I always think these kind of novels as intriguing and, probably, harder to pull off because you’re trying to make an anthology of short stories resonate on a theme. So brilliant when it works.
Yes!
Ah! Yet another book of connected stories! The only reason I haven’t read this author is the big ol’ pile of books I own 😐
I understand! 🙂
I agree with Alex – it does sound like such a fascinating read! It was available at my nearest library (like in my backyard practically) but someone scooped it up already! I will definitely be picking this one up when it’s back in.
Glad to hear it! I can’t remember – did you read The Party Wall?
No, I didn’t read it! Marked for the pile though! 😉
I was just telling someone how much I love interconnected short stories! I love the sound of this one.

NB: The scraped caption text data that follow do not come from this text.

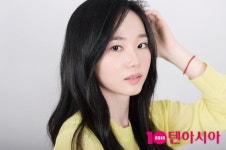 [TEN 인터뷰] 피겨 꿈나무 오유진, 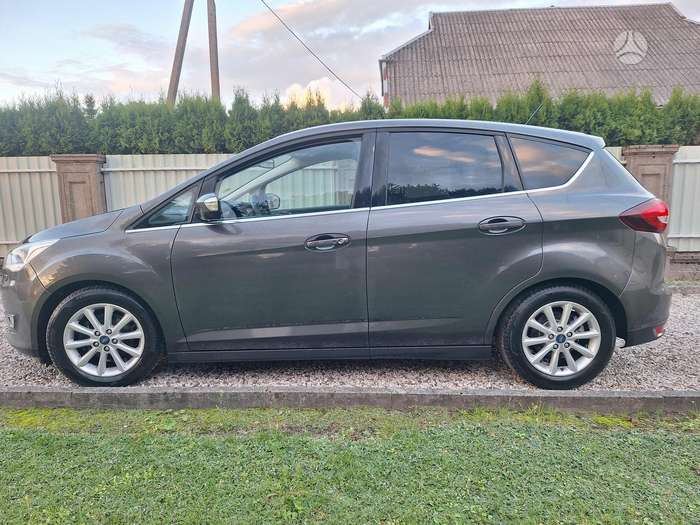 Ford C-MAX, 1.5 l., Минивэн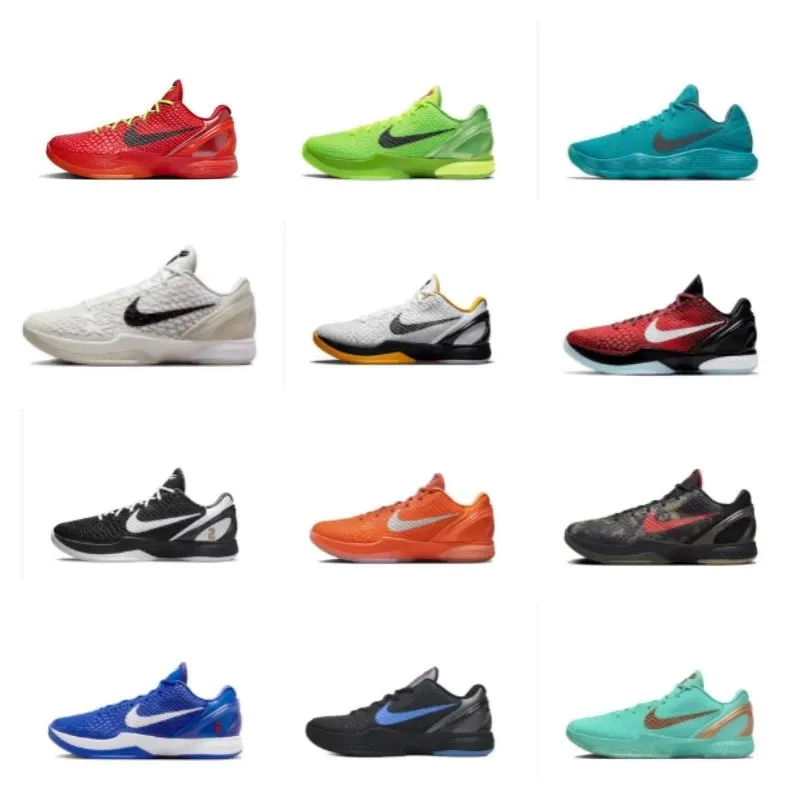 Nike Kobe 8 System Sneakers [12 styles]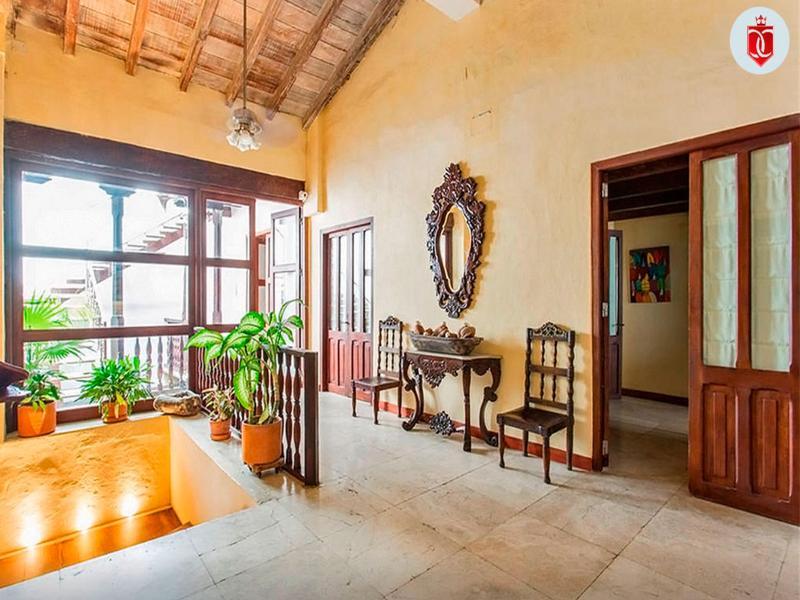 Hotel Boutique Casa Cordoba Estrella Cartagène Extérieur photo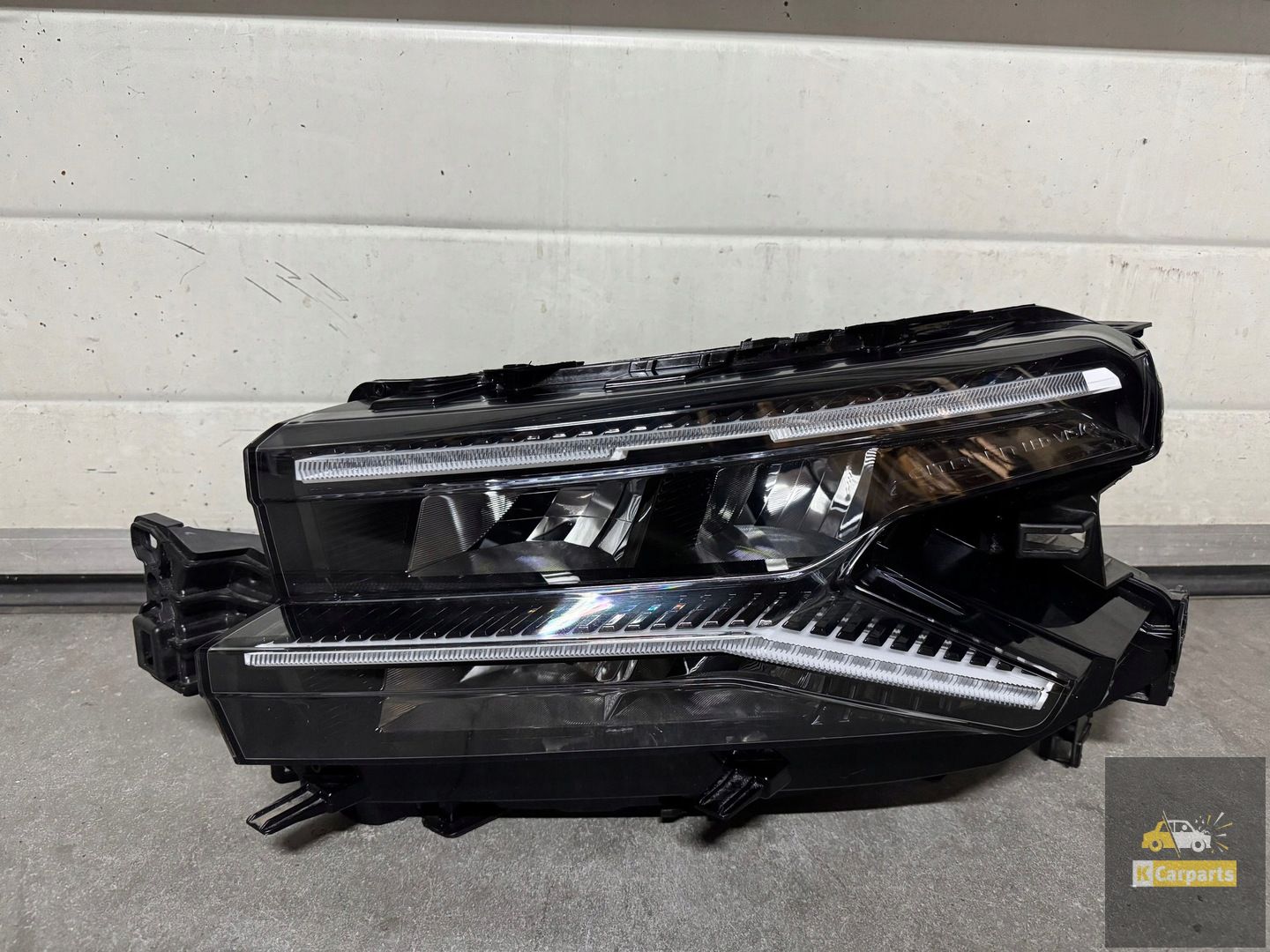 9845356280, Citroën C5 Aircross VOLLEDIG LED-licht links LIFT 9845356280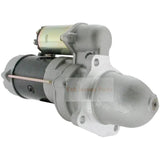 New 12V 10T Starter Motor F3HT11001AB F3HZ11001AC 4503M 6595 Fits for Ford F - 600 F - 700 F - 800 L6 5.9L 359CID 1992 - 1999 - Fab Heavy Parts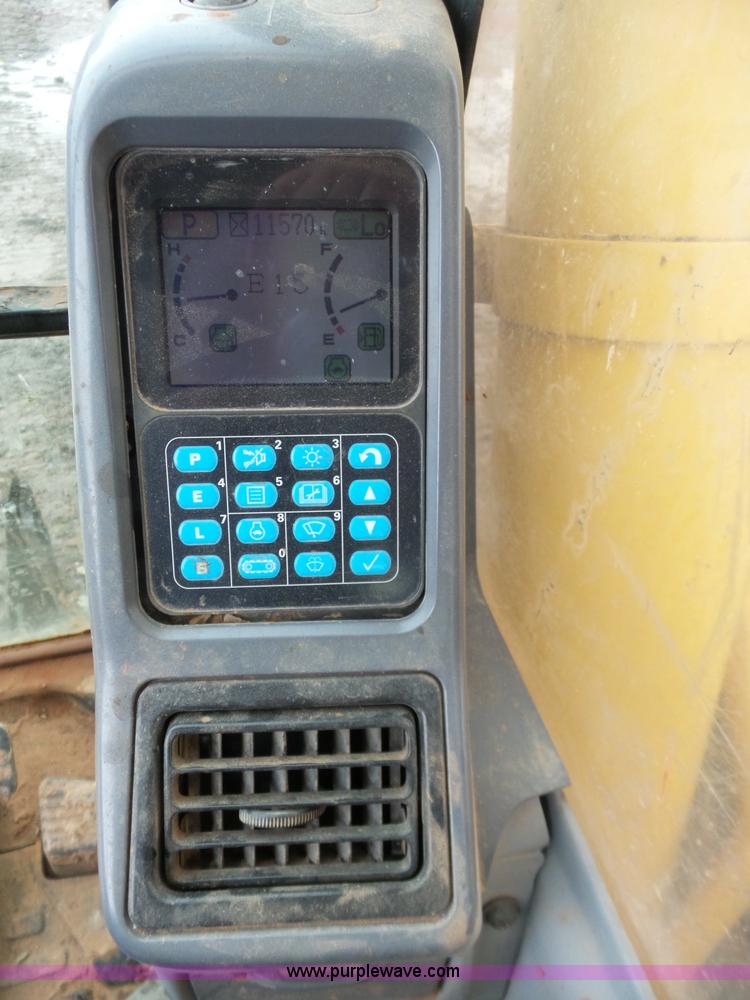 image for item K7233 2007 Komatsu PC400LC-7 excavator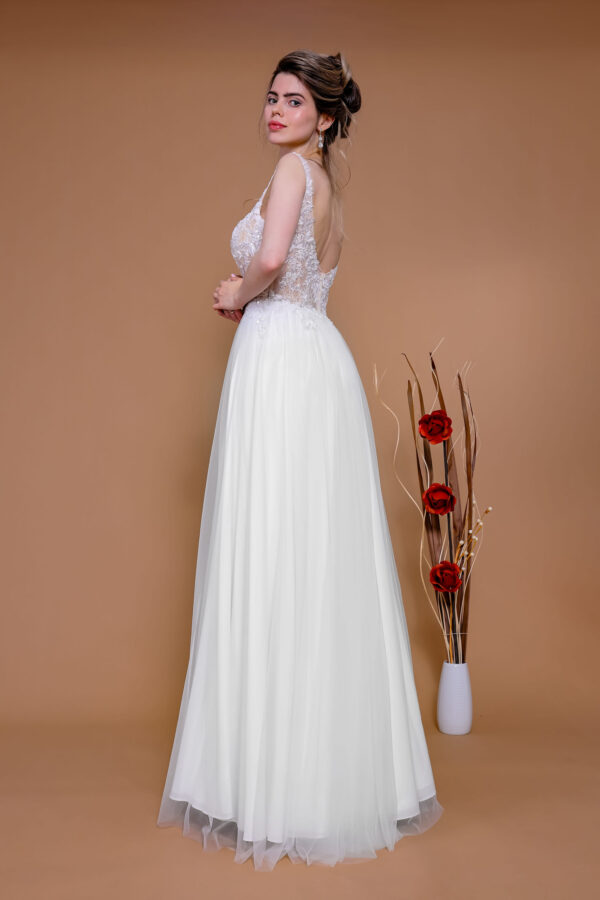 14167 Brautkleid Hochzeitskleid (1)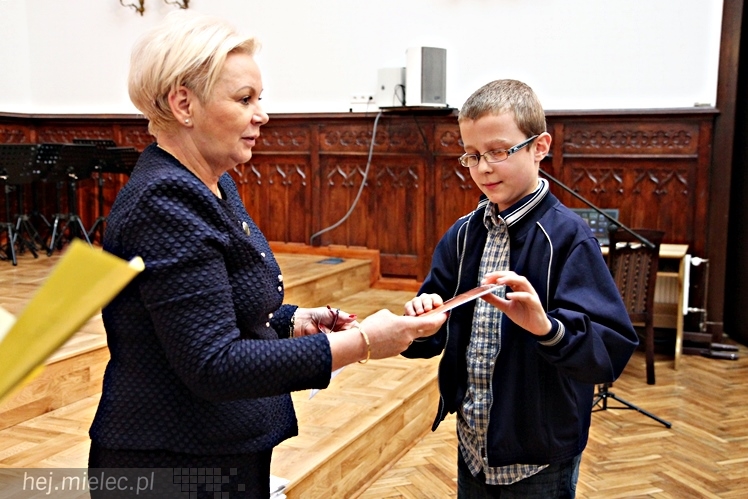 Finał X konkursu literackiego ?Tu wszędzie jest moja Ojczyzna?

I seem to have read a couple of them in a row, and I’m not tired of it yet!
This sounds like a tantalizing idea for a bunch of linked stories.
Yes! It must have been fun for the author to think up the various scenarios for her stories!
I also love interconnected stories. She sounds like an author I need to try and find. We don’t have her books in my library system – maybe interlibrary loan.
I can’t wait to see what she does next!
Thanks for your post. This sounds so intriguing and is probably going to the top of my TBR pile.
Great! I hope you like it!
I remember reading this review of this one in Quill and Quire and thinking it sounded interesting-glad you liked it too!
If you like well-crafted stories and fantastic writing, then you’ll love this.
That last quote. *sigh*
I loved The Party Wall too. So I’m super looking forward to reading and buying this one. A keeper, I’m guessing.
Yes, definitely one you might want to read again!
Stunning quotes Naomi – what a writer!
I love her writing. And I’m in awe of the translator, as well!